> EXERCISE BRIEF
Would you repeat the whole listing exactly, pictures excluded?

> SOURCE DATA
= Beginning of Section =

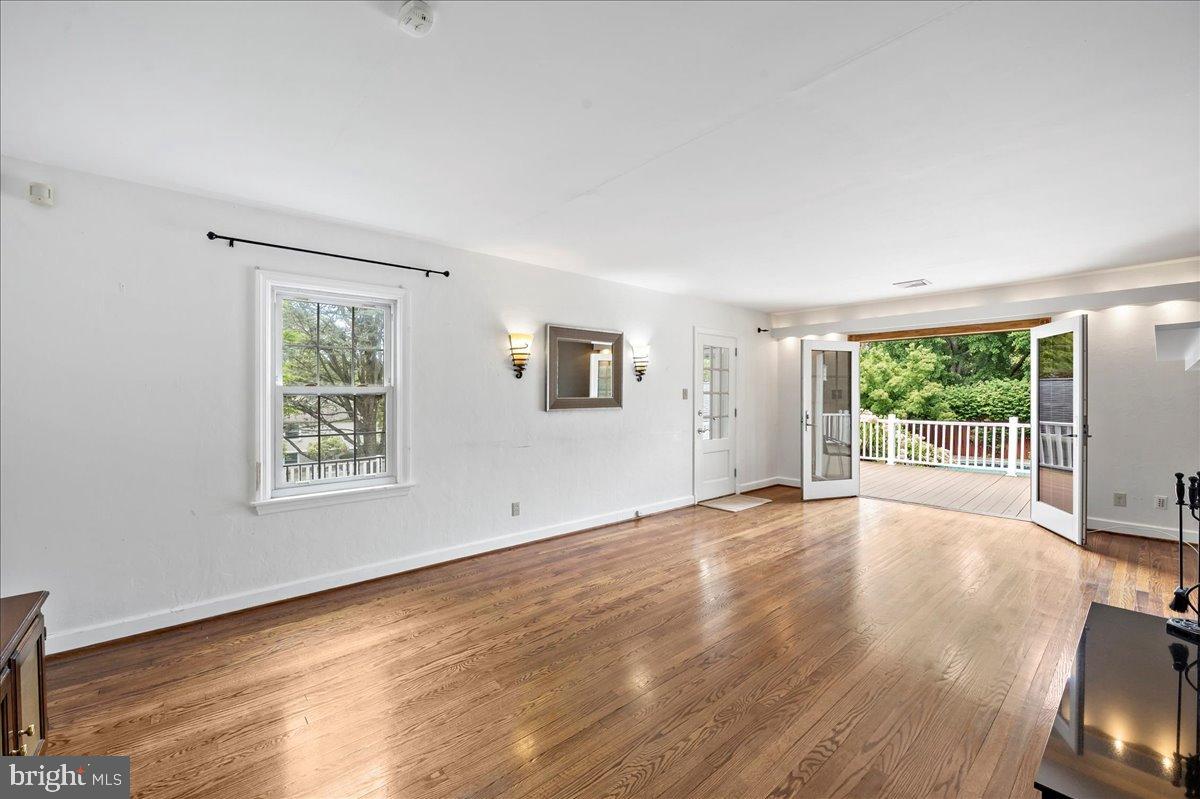 59 West Macada Road Bethlehem, PA 18017 - Photo 8 of 31 Bright and airy living space with outdoor access.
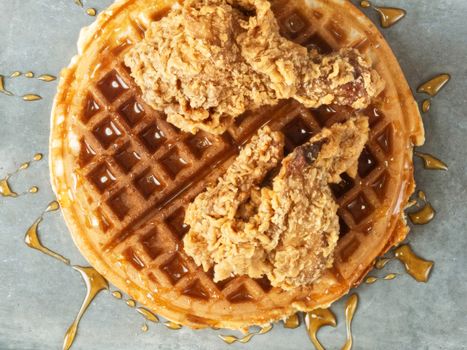 close up of rustic southern american comfort food chicken waffle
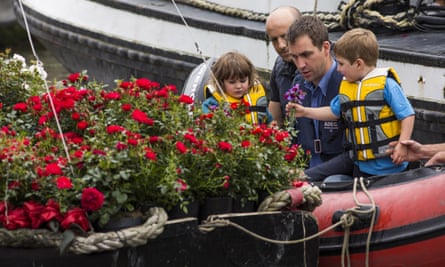 Brendan Cox, husband of Jo, and their two children Cuillin, five, and Lejla, three, prepare to join a floating commemoration.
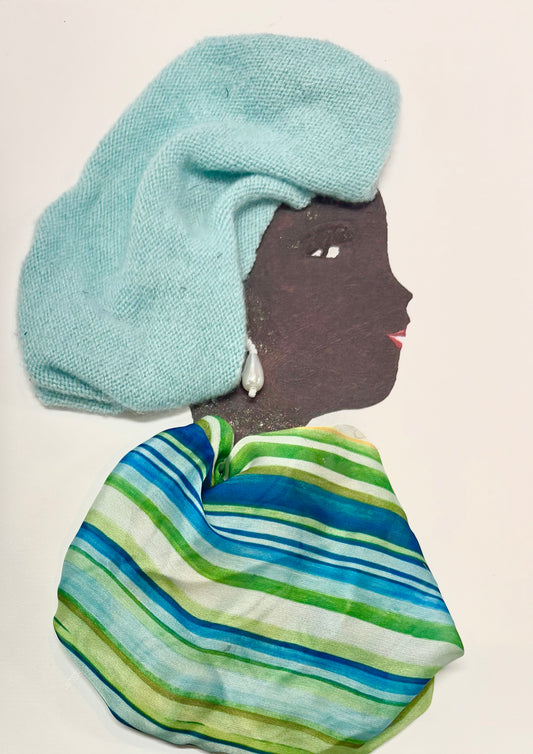 A woman wears a cloth-like headwrap that is light blue. Her blouse is made up of stripes consisting of greens and blues. She wears a pearl drop earring.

= End of Section =

> EXPECTED OUTPUT
 59 West Macada Road Bethlehem, PA 18017 - Photo 8 of 31 Bright and airy living space with outdoor access.
 close up of rustic southern american comfort food chicken waffle
 Brendan Cox, husband of Jo, and their two children Cuillin, five, and Lejla, three, prepare to join a floating commemoration.
 A woman wears a cloth-like headwrap that is light blue. Her blouse is made up of stripes consisting of greens and blues. She wears a pearl drop earring.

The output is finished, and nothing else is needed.